Good data science starts with a question, analyzes data to address that question, and presents the results of that analysis in a form accessible to the target audience.  In the present context, the primary question is whether there has been an explosion of debt relative to GDP since 2008.  The answer to that question seems to be a resounding no.  Although the debt has, as expected, increased, it has been at a lower rate than before 2008 and it has actually declined relative to GDP.

In conducting this analysis, we have had to make some decisions about how we interpret the informal language of English into precise testable hypotheses.  We interpreted “explosion” to mean a higher rate of increase after 2008 than before.  We interpreted “relative to” to mean the ratio of debt to GDP.  Effective data science, or any other kind of science, for that matter,  always requires such translations from informal language into mathematically precise language.

Figure 6. US government debt and GDP since 2008.  
Unlike overall debt, Federal debt has increased since 2008, 
but that relationship is relatively difficult to observe 
when both debt and GDP are increasing.
Many people have a difficult time assessing claims about rates.  They often find it difficult to understand what it means to say that some factor increased, but at a lower rate than before.  Although people can, if they think, about it, understand that the GDP growth rate is lower at one time than at another, if they don’t actively work at it, they might expect that a decreasing growth rate would result in a decreasing GDP.  It is  not that people are incapable of understanding such rate claims, but they may find it difficult.

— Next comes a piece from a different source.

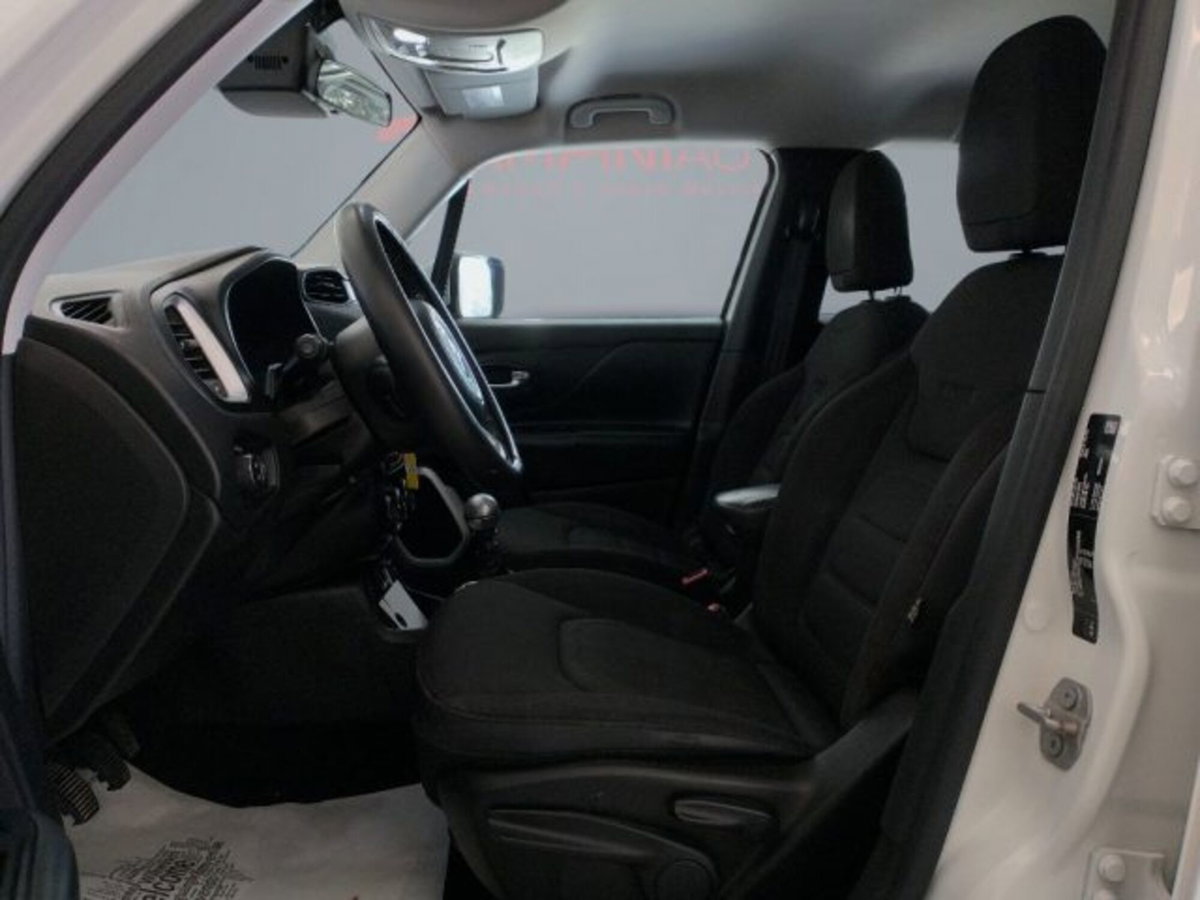 Jeep Renegade 1.6 Mjt 120 CV Limited (16)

Effective data science presentations, therefore, are the ones that reduce the cognitive load of making difficult comparisons by designing visualizations that make these comparisons as explicit as possible.  Figure 5 makes the comparison of rate growth before and after 2008 more clear than Figure 1 does and Figure 2 focuses on it even more directly.

A lot of data science focuses on big data and machine learning, but good data science is necessary when dealing with more moderately scaled data sets, as well.  Basic line charts can provide interesting and useful information, but they can also be misused.

The data scientist's conclusion should be apparent to the reader from the chosen visualization.  The audience should not have to dig through the graph to assess ones claims (See Figure 4, debt relative to GDP).

Figure 7. Federal debt a proportion of GDP.  This version 
makes it clear that the Federal debt has been increasing 
relative to GDP since 2008.
Data science can help us to make sense of the world around us.  Effective data science can help to guide policy and predict the future.  Even relatively simple data, however, must be handled with care.  Insights are only possible when the data speak loudly through sound analysis and sound presentation.


The goal of effective data science should be to find patterns in data, not to selectively present the data to support preformed conclusions.  Visualizations can help to make data more comprehensible, but they can also be used to mislead.  Visualizations are not arbitrarily related to the data, rather, the combination of theory and data constrain the kind of visualization that is appropriate and useful.